Not only did so much of my time get wasted, but also so much paper would be thrown, which could have been re-used.
I'm trying to tackle this. I want to have a sustainable art practice - to maintain the most low-waste practice possible. Over the last term I have collected a pile of 'waste' cut offs and swatches that I am reusing to make new pieces of work.
These new recycled collages hark back to the dòirneag collages I made last term, but with a different meaning. These pieces are more about mindfulness in the studio. They are about making work from 'nothing'. Sustainability is so important to me in all aspects of my life, from the clothes I wear to the food I eat, so I want to make sure my artistic practice follows suit.
It feels good to be aware about the waste I may produce in the studio, not only embracing natural mediums but also embracing a sustainable approach to making.
Last weekend I headed out on my first field trip of the term, with Tom. We walked a segment of the Bissoe trail, from Devoran to Poldice Valley to collect pigments for my new body of paintings.
We read a few of the information boards along the trail, and I found out that a number of the sites around the Bissoe area were extracting ochre.
By diverting the Carnon River into settling ponds, ochre was extracted by draining excess water, drying the minerals and packing into kegs bound for shipment from Devoran. The ochre was used in paint making and for colouring building materials.
I extracted various samples from different sites along our 9-mile walk. It was exhausting but so exciting - I hadn't been on a field trip like this since November, on my residency at Stiwdio Maelor in Wales. It felt great to be back outdoors, collecting pigments for new work.
A range of colours were extracted along the way; mainly yellows, greys, deep reds and oranges. Now that the pigments have been collected I can finally start to picture this new body of paintings in my head, one that I have been planning since early December.

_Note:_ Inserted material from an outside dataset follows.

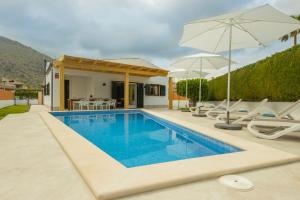 a pool with chairs and umbrellas next to a house at Alcudia Beach House in Alcudia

I will be working in collaboration with the technicians over at Exeter University in the Geology department over the next few days to test the samples for heavy metals, to determine which of the samples will be safe to use in my paintings.
Although a more lengthy process, I feel it is important. As I am now working with mining waste, there is an element of caution I have to take that I haven't needed to take before now, just working with rocks collected on a beach.

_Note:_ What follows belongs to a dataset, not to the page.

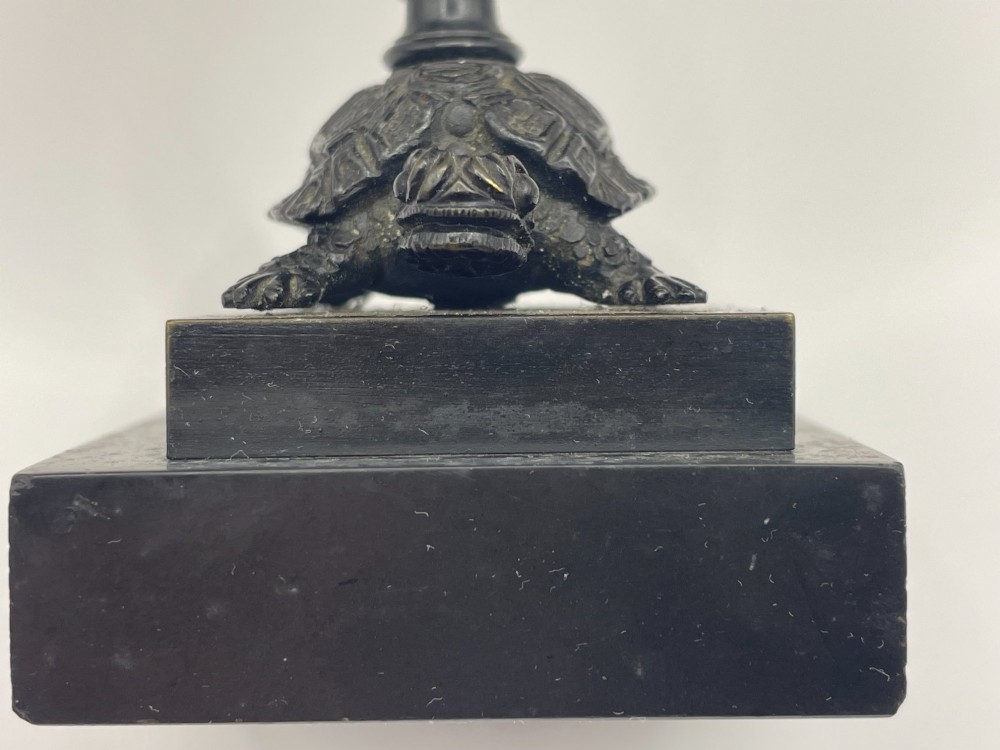 A carved coconut shell standing cup mounted on a bronze tortoise pedestal with a square stone base. View VIII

Another aspect of working with Exeter University that excites me about this new step in the process is the scientific element it will bring to the finished paintings. I will be able to use equipment to identity what the minerals actually are, rather than just using the umbrella term of 'mining waste'.
This means that the critical context of the works are more deeply rooted in science and less in a vague ideology, something I have been working towards for quite some time.
Now I have taken the plunge and am working in a more scientific way with the collection and processing of my pigments, the scope for new bodies of work widens significantly. There are a number of waste mining locations across Cornwall I wish to visit before the degree show, to come together in a finished series of paintings that explore these areas.
However, the scope does not end in Cornwall. There are locations I wish to visit in other areas of the UK, but also abroad. It becomes more and more about place, the pigments alluding to the history of a location.
I wish to collect Dead Sea mud from Israel and to travel to Iceland to source clay and mineral deposits from mud pits in the Seltún geothermal area at Krisuvik on the Reykjanes Peninsula. These are not immediate goals, but rather long-term goals for my career.
Whilst I will be based in Cornwall and my work will predominantly be about the exploration of the impact of the mining industry on the landscape, there are locations all over the world I wish to study, visit and make work about.